Employees hired by provincially regulated businesses are protected by legislation from workplace harassment, discrimination, and reprisal.
Under s. 32.0.7(1) of the Occupational Health and Safety Act (OHSA), an employer must ensure that an investigation appropriate in the circumstances is conducted into incidents or complaints of workplace harassment. The process by which employers decide to terminate an employee’s employment is also relevant in determining whether just cause can be made out, and whether aggravated or punitive damages are warranted for the manner of termination.

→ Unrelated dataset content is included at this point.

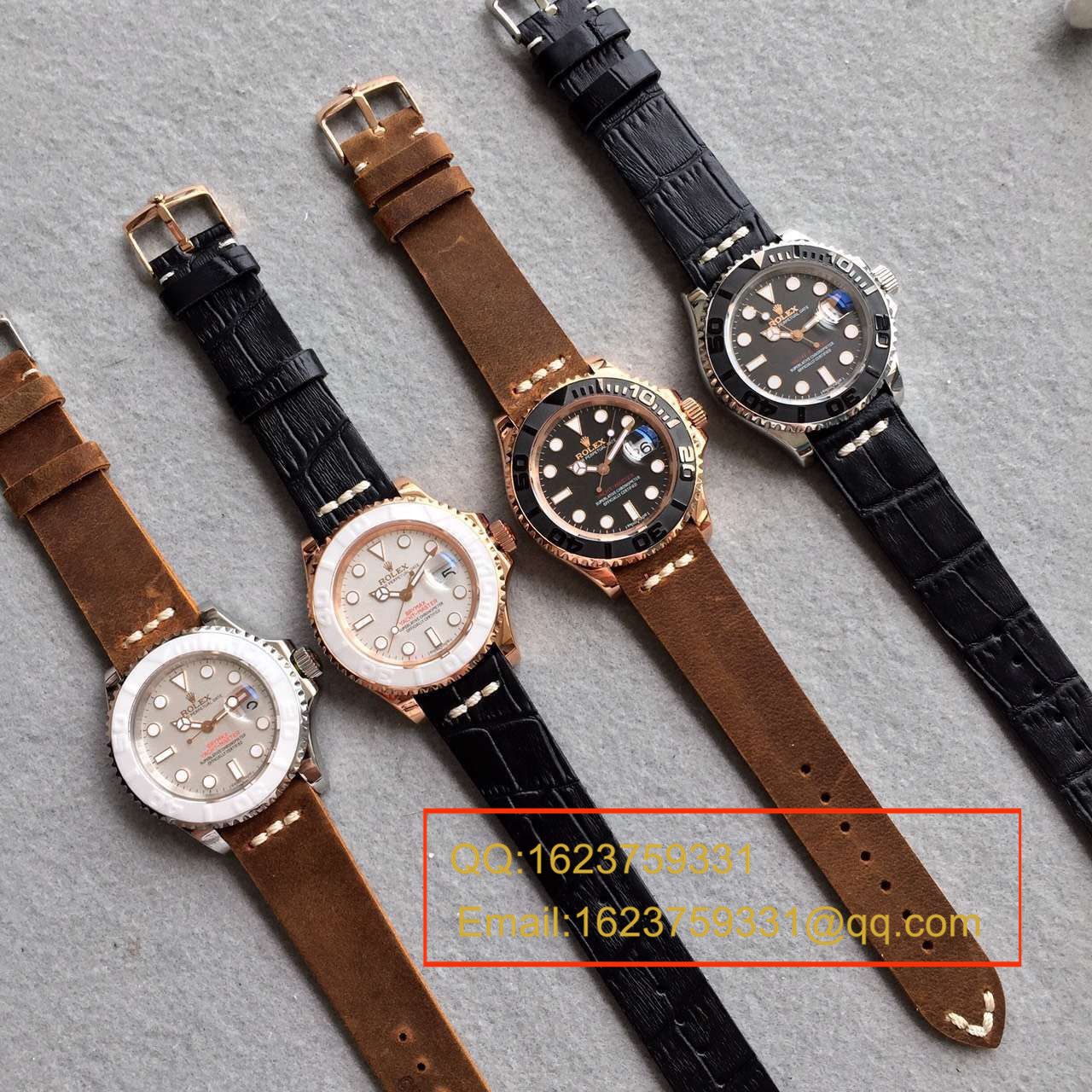 【NOOB Factory  Perfect  Replica Watches 】 Rolex  Rolex  Yacht-Master 系列116655-Oysterflex bracelet白盘 wrist watches  / R024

An employee is terminated in reprisal when he or she is terminated shortly after he or she voiced a complaint to the management or after trying to enforce his or her employment law rights guaranteed under s. 50 of OHSA.
Pursuant to s. 50 (5) of OHSA, once an employee filed a s. 50 complaint, the employer has the burden of proof to establish that it did not act contrary to the provisions of OHSA.
Pursuant to Section 5 of the Human Rights Code, every person has a right to equal treatment with respect to employment without discrimination or harassment because of race, ancestry, place of origin, colour, ethnic origin, citizenship, creed, sex, sexual orientation, gender identity, gender expression, age, record of offences, marital status, family status or disability.
Section 24(1)(b) of the Human Rights Code states that the right under section 5 to equal treatment with respect to employment is not infringed where, the discrimination is a reasonable and bona fide occupational requirement (BFOR).
Section 24(2) of the Human Rights Code states that no tribunal or court shall find that a BFOR exists unless it is satisfied that the person's circumstances cannot be accommodated without undue hardship.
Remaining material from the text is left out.